In General
Wolframalpha has a page about the manual computation of Fisher exact test:
http://mathworld.wolfram.com/FishersExactTest.html
The probability of occurance for a particular combination of cell values $a_{ij}$ for given row sums $R_i$, column sums $C_j$, and total sum $N$:
$$P(a_{ij}) = \frac{\prod_{\forall i } R_{i}! \prod_{\forall j } C_{j}!}{N! \prod_{\forall i,j } a_{ij}!} $$
To find a p-value you would have to compute the cumulative probability: compute the values for tables $a_{ij}$ with more extreme difference and sum them together.
Manual computation example
For a 2x2 table this can be easily done. For a 2x3 table it can also be done (although not very simple).

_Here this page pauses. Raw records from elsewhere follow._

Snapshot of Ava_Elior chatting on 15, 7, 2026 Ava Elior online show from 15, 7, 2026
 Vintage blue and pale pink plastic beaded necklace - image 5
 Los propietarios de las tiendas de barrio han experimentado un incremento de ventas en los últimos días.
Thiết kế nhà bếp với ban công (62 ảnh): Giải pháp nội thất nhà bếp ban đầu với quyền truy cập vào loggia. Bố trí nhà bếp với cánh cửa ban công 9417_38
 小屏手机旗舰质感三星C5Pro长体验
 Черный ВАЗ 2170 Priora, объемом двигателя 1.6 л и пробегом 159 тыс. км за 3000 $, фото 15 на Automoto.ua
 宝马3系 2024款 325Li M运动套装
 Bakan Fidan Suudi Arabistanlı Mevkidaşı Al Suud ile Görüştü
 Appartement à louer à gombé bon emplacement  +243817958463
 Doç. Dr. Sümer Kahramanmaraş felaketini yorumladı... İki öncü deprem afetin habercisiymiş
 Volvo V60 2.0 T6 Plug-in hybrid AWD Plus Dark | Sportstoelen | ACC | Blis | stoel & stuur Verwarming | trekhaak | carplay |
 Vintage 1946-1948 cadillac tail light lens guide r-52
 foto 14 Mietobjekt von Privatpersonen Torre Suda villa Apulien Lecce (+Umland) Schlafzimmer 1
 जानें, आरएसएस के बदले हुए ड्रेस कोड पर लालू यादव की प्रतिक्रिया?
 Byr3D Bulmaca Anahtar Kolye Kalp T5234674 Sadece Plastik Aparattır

All the possibly combinations with the same row totals can be summarized by two parameters $a$, $b$
116+b 166-b ¦ 282
11+a-b 45-a+b ¦ 56
9-a 0+a ¦ 9
--------------------------------
136 211 ¦ 347
So all you need to do is compute $P(a_{ij})$ for all values of a and b and sum those which are equal or extremer.

Automized method
Those manual computations have been automized. In R for instance you can get the result by typing a single line:
fisher.test(matrix(c(116, 11, 9, 166, 45, 0), 3))
giving
Fisher's Exact Test for Count Data
data: matrix(c(116, 11, 9, 166, 45, 0), 3)
p-value = 2.476e-06
alternative hypothesis: two.sided
This function in R goes through all the options (like in the manual excel sheet but automatic). However when the tables get large then the computation will take a lot of time, also for a computer. The function in R can also estimate a p-value by generating random tables and see how often a worse deviation is observed.